Even though the XFL had been announced over a year ago, we are still a long way from its being launched—as in, an entire NFL season in between. So it’s not a shock that there are still a lot of details that are yet to be sorted out. Such as, oh, I don’t know, maybe player rosters or something like that.
Even the pool from which players will be chosen remains somewhat up in the air, as XFL Commissioner Oliver Luck implied when he appeared on Pro Football Talk Live. One of the topics that has been discussed in relation to the upstart league has been whether or not they would try to recruit college players who are not yet eligible to declare for the NFL Draft.
In theory, a breakout freshman star who is not eligible to declare for the draft, instead of playing another unpaid season, could get a season of professional work under his belt, getting paid in the process. Or simply players who wish to play paid football rather than give their free labor would have that as an option if they don’t feel they are likely to have a chance in the NFL anyway.
“I think our launching point, February of 2020, is still down the way a little bit. We’re not actively talking to anybody at this point, but it is something that we are looking at”, Luck told Mike Florio when asked to address the possibility of bringing in such players.

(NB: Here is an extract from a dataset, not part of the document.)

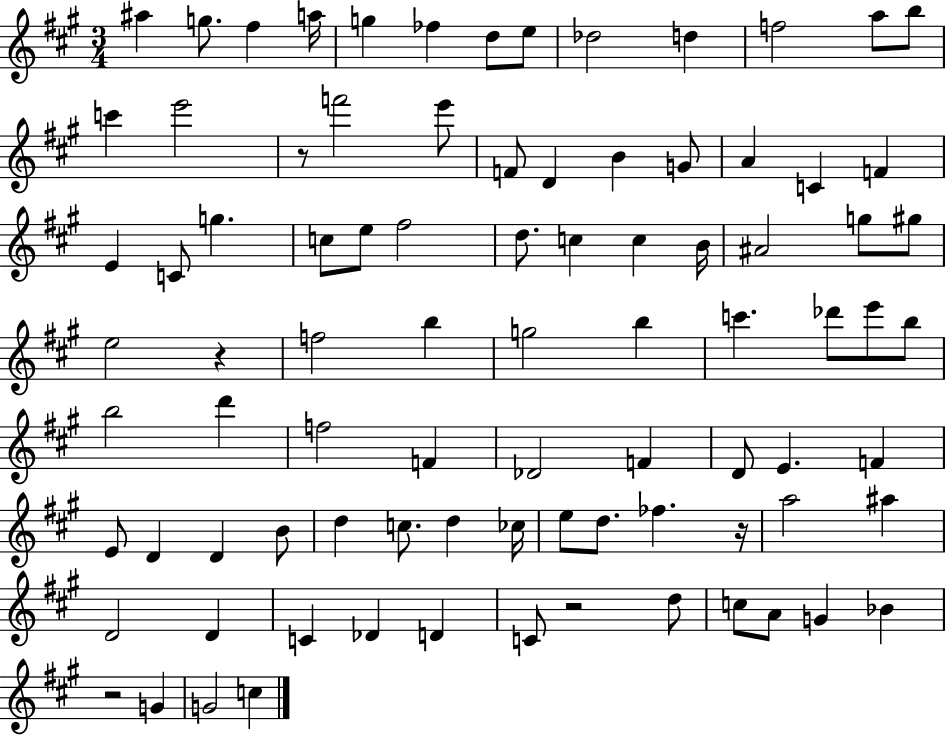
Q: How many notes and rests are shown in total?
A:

“As I have said many times before I would only do that if I believe and our coaches believe a young man who is not eligible enough for the NFL but nonetheless has the physical, the emotional, the mental sort of maturity to play professional football, because we’re gonna have 26-, 27-, who knows, 28-, 30-year-olds playing in our league”, he added. “It’s something that’s certainly in our playbook. At this point we really haven’t spent much time thinking about it”.
At the moment, the league’s eight teams don’t even have names yet, nor much of a coaching staff. They are currently experimenting with possible variations regarding the rules of the league on the field, so there is still a lot to get done before the XFL officially kicks off in February.
In the wake of the failure of the AAF, perhaps a lot of the public that displayed interest or even excitement for an alternative league has soured on the XFL’s prospects, but there are some key differences, the most important of which being the fact that it is being directly funded primary by its founder to the tune of hundreds of millions of dollars.
Nevertheless, a key piece about its prolonged sustainability will be to attract marketable talent, and to even find a way to try to hold on to that talent without the NFL constantly poaching them. That is going to be an impossible task of whack-a-mole, especially after we have just seen over 40 AAF players and counting sign with NFL teams.